14 Apr 2020 | 20:58 UTC — Denver

US natural gas storage injection expected to nearly triple five-year average: analysts

Highlights

Build likely about three times above average

Coronavirus creates uncertainties going forward

Analysts expect a US natural gas storage injection nearly three times larger than the five-year average as warmer temperatures combine with demand destruction due to the ongoing coronavirus epidemic.

The US Energy Information Administration is expected to report a 71 Bcf injection for the week that ended April 10, according to a survey of analysts by S&P Global Platts.

Responses to the survey ranged from an injection of 58 Bcf to one of 81 Bcf. The EIA is scheduled to release its weekly storage report on Thursday at 10:30 am ET (1430 GMT).

A 71 Bcf injection would be close to the 73 Bcf injection in the corresponding week last year, but much larger than the five-year average build of 27 Bcf. An addition meeting analysts' expectations would increase stocks to 2.095 Tcf. The surplus to the five-year average would expand to 368 Bcf, and the overhang to 2019 would drop by 2 Bcf to 874 Bcf.

The US gas market is piling onto an already formidable surplus of gas stocks this April. While there remain significant uncertainties regarding the next few months, the recent declines in residential and commercial, gas-fired generation and industrial demand are likely to persist as long as widespread social distancing remains in effect, keeping a lid on prices at Henry Hub.

Residential and commercial plus industrial demand posted week-over-week declines of 3.2 Bcf/d and 0.8 Bcf/d, respectively, according to Platts Analytics. On the supply side, US production increased by about 0.2 Bcf/d week over week, with recent increases split between the Midcontinent and Northeast. For the first time this year, every EIA storage region is expected to report a net injection for the week that ended April 10.

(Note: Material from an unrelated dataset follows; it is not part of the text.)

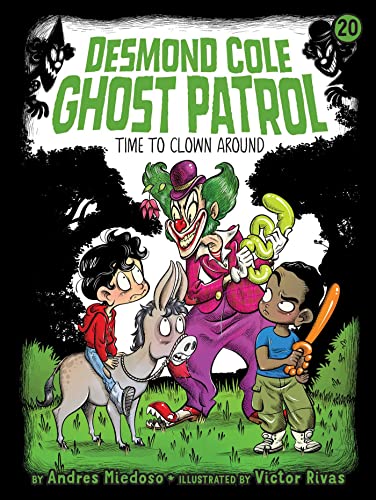 Time to Clown Around (20) (Desmond Cole Ghost Patrol)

The NYMEX May gas futures contract fell 7 cents to $1.65/MMBtu during afternoon trading Tuesday. The remaining summer strip fell by an average of 5 cents to $1.99.

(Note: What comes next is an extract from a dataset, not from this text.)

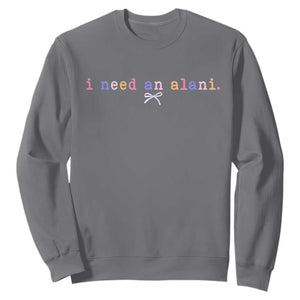 I Need An Alani Sweatshirt Funny Drinking Trendy Summer TS14 Charcoal Print Your Wear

The front end of the NYMEX futures curve has been trapped between $1.50/MMBtu and $2/MMBtu for more than a month now amidst the ongoing coronavirus as well as the oil price war. The 2020-2021 winter contracts are now about $1.10/MMBtu higher on average than the nearby contract — a premium not seen since 2012.

However, the summer offers some hope the market will tighten as associated gas production wanes, and low prices incentivize strong summer power burn, according to Platts Analytics.

Platts Analytics' supply and demand model currently expects a 30 Bcf injection for the week ending April 17, compared with a five-year average build of 49 Bcf.